Но если вы думаете, что люди, потерявшие сына, дочь, мужа, брата, остаются довольны теми, кто прямо или косвенно послал их на смерть, вы глубоко заблуждаетесь, они костерят генералов за все реальные и мнимые вины, если только таковые вообще возможно различить (исключая, разумеется, вульгарнейшие случаи). Просто наиболее романтичная часть молодежи не считает реальное или мнимое генеральское несовершенство достаточной причиной, чтобы и самим оказаться чмошниками в собственных и чужих глазах. Потому что, каковы бы ни были генералы, солдат — это круто.
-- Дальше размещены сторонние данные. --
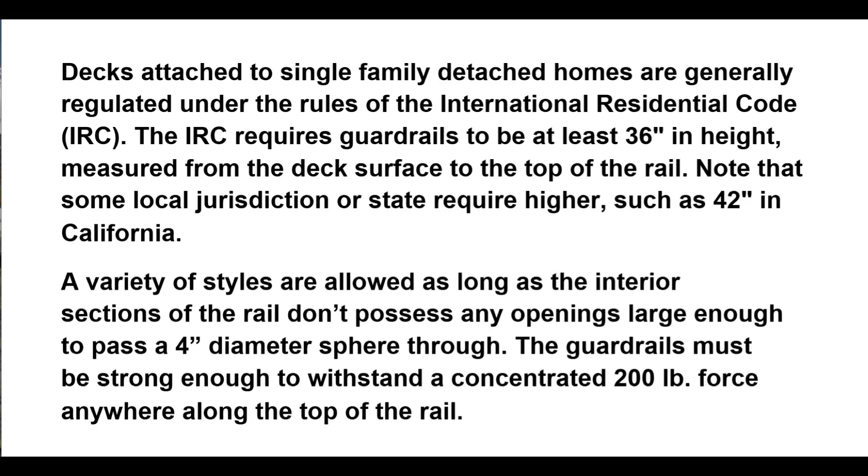Decks attached to single-family detached homes are generally regulated under the rules of the International Residential Code, IRC.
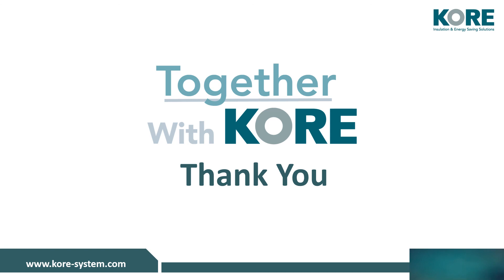Thank you for watching this video. If you have any questions or would like to avail of a free consultation, please email info@coresystem.com. Please check our website at coresystem.com or call us on 049 433 6998. Thank you.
Мой юный знакомец по имени Антон, крепкий самоуверенный парень, тоже захотел почувствовать себя крутым и попросился — нет, не в десант, это уж сверхэлита, но в серьезную пехоту. И за пределами службы все шло прекрасно — отличная еда, чистое белье, вежливое обращение, приятная компания, хотя склонность кучковаться по землячествам и там обнаружилась: сабры в палатках норовили селиться с сабрами, “русские” с “русскими”, сефарды с сефардами, но никаких конфликтов это не порождало. А вот служба медом не показалась. Семьдесят километров по пустыне быстрым шагом с двумя-тремя пудами на горбу, и с дистанции сходить не дозволяется: груз слабака делят товарищи по оружию, а его самого “старослужащие” подхватывают под руки и бегут вслед за отрядом, покуда он в силах передвигать ноги. Причем авторитету его это, естественно, не способствует.
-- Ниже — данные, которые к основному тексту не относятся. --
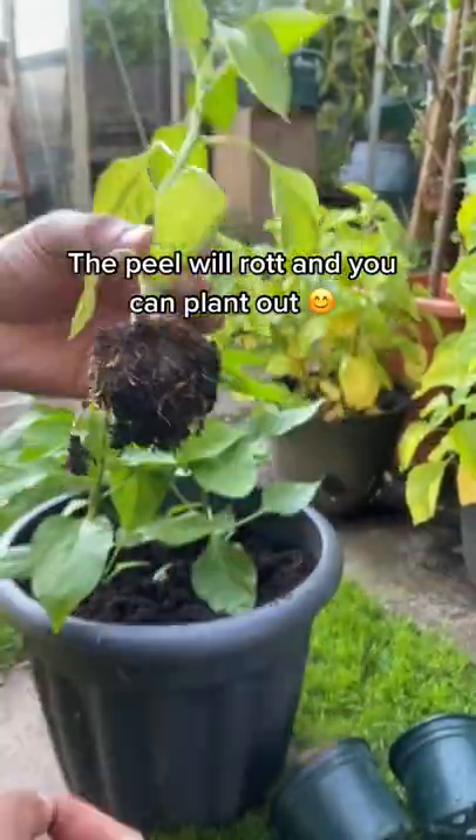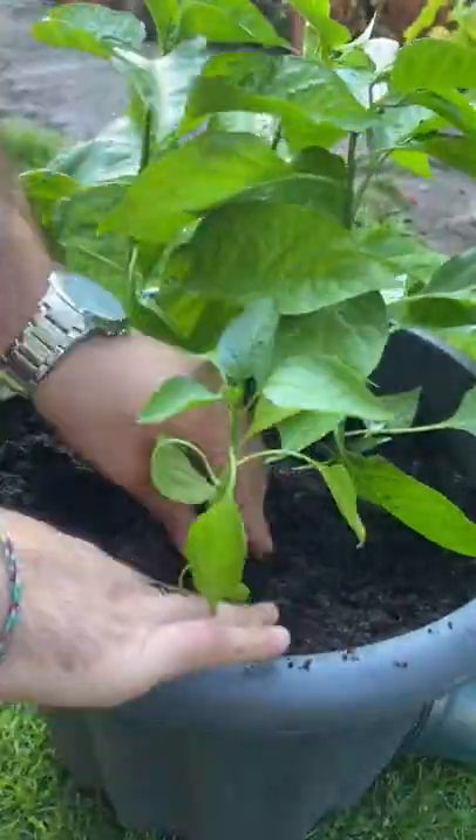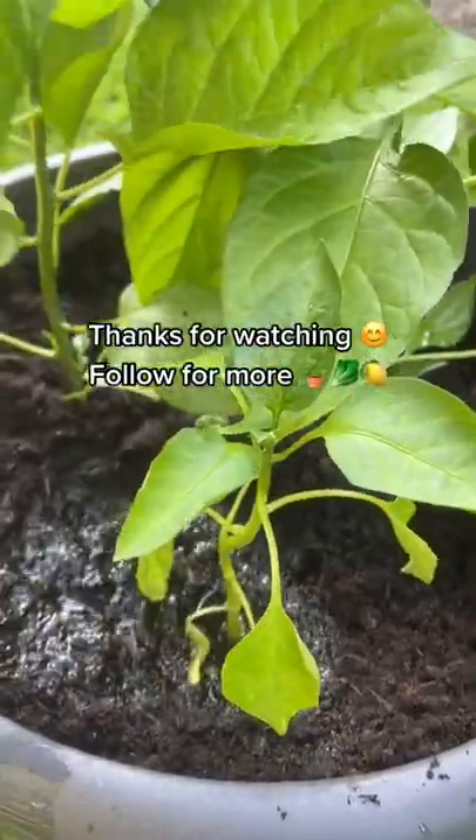The peel will rot away, meaning you can just plant it straight out into the ground, or if you don't have a garden, into containers. Give it a water and you're done.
Впрочем, если у него нет обостренного чувства чести, то и наплевать. Но такие в эти части не попадают. А если бы в стране их не хватило для укомплектования боевых частей, это просто означало бы, что страна обречена: народ, который перестал порождать достаточное количество аристократических натур, обречен сойти с исторической арены. И мой друг Антон на аристократа не потянул: пошел к психиатру и пожаловался, что его преследуют мысли о самоубийстве. И был немедленно переведен во вспомогательные части охранять какой-то склад. Там уже было легко. Только скучно. И публика, по его словам, собралась такая, что все время какой-то подлянки ждешь. “Но насилия не было?” — “Было. С моей стороны”. Но вернуться назад, к марш-броскам он все-таки не пожелал. Не потянул на аристократа.
“Но что, если все начнут проситься на склад?” — возникает естественный для всякого постсоветского человека вопрос, однако тамошнему генералитету ответ по-видимому известен: если начнут проситься все — значит, война уже проиграна, держать в боевых частях тайного дезертира — означает не укреплять, а разлагать армию. Которая держится на чувстве чести, на воинской романтике.
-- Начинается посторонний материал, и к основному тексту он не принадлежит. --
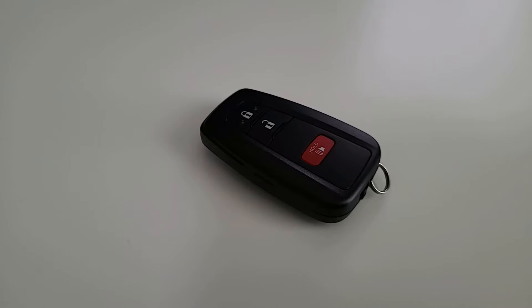Today I have the key fob to a 2022 Toyota 4Runner. This came out of a 4Runner TRD Pro, but it is the key fob found in the whole 4Runner fifth generation lineup after the push-to-start refresh that happened around 2020. I'm going to show you just how easy it is to replace the battery in this key fob.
И если в каких-то особых частях Российской армии предметом первейшего попечения сделается достоинство солдата, тогда и у нас появится возможность привлекать туда не люмпенов, но романтиков. Без которых никакая армия не может вести серьезную войну. Лишившись аристократического начала, хиреть начинает любая корпорация, но армия просто исчезает, превращается в неработоспособный муляж.